Ingredients You’ll Need
(Tip: You’ll find the full list of ingredients and measurements in the recipe card below.)
Let’s break down what you’ll need to create this classic treat:
For the Bread Pudding:
- 1 loaf stale French bread, cut into 1-inch cubes (about 7 cups)
- 3 cups 2% milk
- 3 large eggs, lightly beaten
- 1½ cups granulated sugar
- ½ cup light brown sugar
- 2 Tbsp vanilla extract
- 1 tsp ground cinnamon
- ¼ tsp ground allspice
- 1 cup raisins (optional)
- 3 Tbsp unsalted butter, melted
The magic of bread pudding lies in how the bread soaks up all that custard mixture and bakes into a sweet, spiced delight with a soft interior and lightly caramelized top.
Let’s Get Started
Ready to bake? Here’s how to bring this classic bread pudding to life.
Preheat the oven to 350°F (175°C). Grease a 9×13-inch baking dish with butter or nonstick spray.
Prepare the bread:
If your bread isn’t fully stale, you can toast the cubes in the oven for 10 minutes until slightly crisp. Place the bread cubes in the prepared baking dish.Make the custard mixture:
In a large bowl, whisk together the milk, eggs, granulated sugar, brown sugar, vanilla extract, cinnamon, and allspice until well combined.Combine bread and custard:
Pour the custard mixture over the bread cubes in the dish. Press down gently to ensure all the bread soaks up the liquid. Let it sit for about 15–20 minutes so the bread absorbs as much custard as possible.Add extras (optional):
Stir in raisins or sprinkle them evenly over the top.Drizzle with melted butter:
Pour the melted butter evenly over the top of the mixture.Bake:
Cover loosely with foil and bake for 35 minutes. Remove foil and bake an additional 15–20 minutes, or until the top is golden brown and a knife inserted into the center comes out clean.Cool and serve:
Let the pudding cool slightly before serving. Top with warm vanilla custard sauce, whipped cream, or a dusting of powdered sugar if desired.
Servings and Pairing
This recipe yields 10–12 generous servings, making it ideal for holidays or feeding a hungry group.
Pair it with:
- Vanilla custard sauce (homemade or store-bought)

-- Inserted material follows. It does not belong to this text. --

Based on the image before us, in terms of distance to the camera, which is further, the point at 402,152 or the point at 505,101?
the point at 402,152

- A scoop of vanilla ice cream
- Whipped cream
- Fresh berries for a fresh contrast
- Coffee or tea for a cozy dessert moment
The softness of the pudding and richness of the custard are well balanced with a hot drink or light fruit topping.
Variations
Want to make this classic recipe your own? Try these delicious ideas:
- Add nuts: Pecans or walnuts add crunch and richness.

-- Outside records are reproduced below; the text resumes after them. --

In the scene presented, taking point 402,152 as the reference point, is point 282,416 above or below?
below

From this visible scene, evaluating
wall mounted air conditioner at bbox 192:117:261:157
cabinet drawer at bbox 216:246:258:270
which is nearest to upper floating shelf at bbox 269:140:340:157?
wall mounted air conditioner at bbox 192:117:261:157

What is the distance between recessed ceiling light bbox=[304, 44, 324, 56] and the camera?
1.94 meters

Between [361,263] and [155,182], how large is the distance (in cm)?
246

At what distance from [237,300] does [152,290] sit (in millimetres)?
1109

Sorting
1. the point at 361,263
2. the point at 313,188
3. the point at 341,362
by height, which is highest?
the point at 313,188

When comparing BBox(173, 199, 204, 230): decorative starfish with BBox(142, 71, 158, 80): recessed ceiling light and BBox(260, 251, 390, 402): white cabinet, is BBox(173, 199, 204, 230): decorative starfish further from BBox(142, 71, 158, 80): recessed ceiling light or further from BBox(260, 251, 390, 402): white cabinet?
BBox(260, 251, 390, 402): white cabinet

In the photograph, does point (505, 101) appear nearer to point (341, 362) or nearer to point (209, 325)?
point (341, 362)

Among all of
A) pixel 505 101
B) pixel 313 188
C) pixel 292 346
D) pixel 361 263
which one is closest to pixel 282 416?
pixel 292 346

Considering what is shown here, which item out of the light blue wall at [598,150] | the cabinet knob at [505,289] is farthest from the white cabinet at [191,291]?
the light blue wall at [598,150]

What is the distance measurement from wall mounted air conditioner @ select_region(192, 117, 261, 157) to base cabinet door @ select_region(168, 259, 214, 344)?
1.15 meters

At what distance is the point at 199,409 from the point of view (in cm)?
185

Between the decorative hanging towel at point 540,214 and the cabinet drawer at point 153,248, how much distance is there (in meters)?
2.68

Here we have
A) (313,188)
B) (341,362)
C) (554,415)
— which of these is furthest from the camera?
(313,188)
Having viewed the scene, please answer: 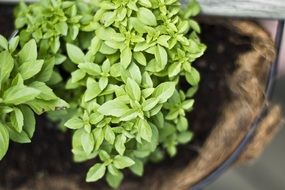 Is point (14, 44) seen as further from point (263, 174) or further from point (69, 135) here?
point (263, 174)

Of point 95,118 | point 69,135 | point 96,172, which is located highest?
point 95,118

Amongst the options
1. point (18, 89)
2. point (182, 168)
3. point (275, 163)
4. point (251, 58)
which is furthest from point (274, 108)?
point (18, 89)

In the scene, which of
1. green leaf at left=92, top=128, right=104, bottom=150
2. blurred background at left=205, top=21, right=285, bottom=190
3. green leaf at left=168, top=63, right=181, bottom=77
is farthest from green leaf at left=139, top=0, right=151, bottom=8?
blurred background at left=205, top=21, right=285, bottom=190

- Chocolate chips: Toss in semi-sweet or dark chocolate chips for extra indulgence.
- Spiked custard: Add a splash of bourbon or rum to the custard mixture for a grown-up twist.
- Fruit-forward: Add chopped apples, dried cranberries, or diced bananas before baking.

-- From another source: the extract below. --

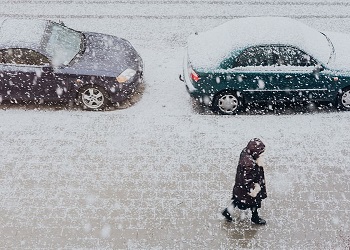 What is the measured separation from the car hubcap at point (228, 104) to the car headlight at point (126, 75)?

- Coconut twist: Mix in shredded coconut and top with toasted coconut flakes.
Don’t be afraid to play around with flavors. Bread pudding is super forgiving and versatile.
Storage Tips
Bread pudding stores beautifully, which makes it great for make-ahead desserts.
- Refrigerator: Store leftovers in an airtight container in the fridge for up to 4 days.
- Freezer: Freeze in individual portions (wrapped tightly) for up to 2 months. Thaw in the fridge overnight before reheating.
- Reheat: Microwave individual servings for 30–60 seconds or warm in a 325°F oven for 10–15 minutes until heated through.
Tip: Add a splash of milk or cream before reheating to keep it moist.
FAQs
Can I use fresh bread instead of stale?
Yes, but for best texture, toast the bread cubes in the oven first to mimic the dryness of stale bread.
Do I have to add raisins?
Not at all. They’re traditional, but optional. Feel free to leave them out or substitute with dried cranberries or chopped dates.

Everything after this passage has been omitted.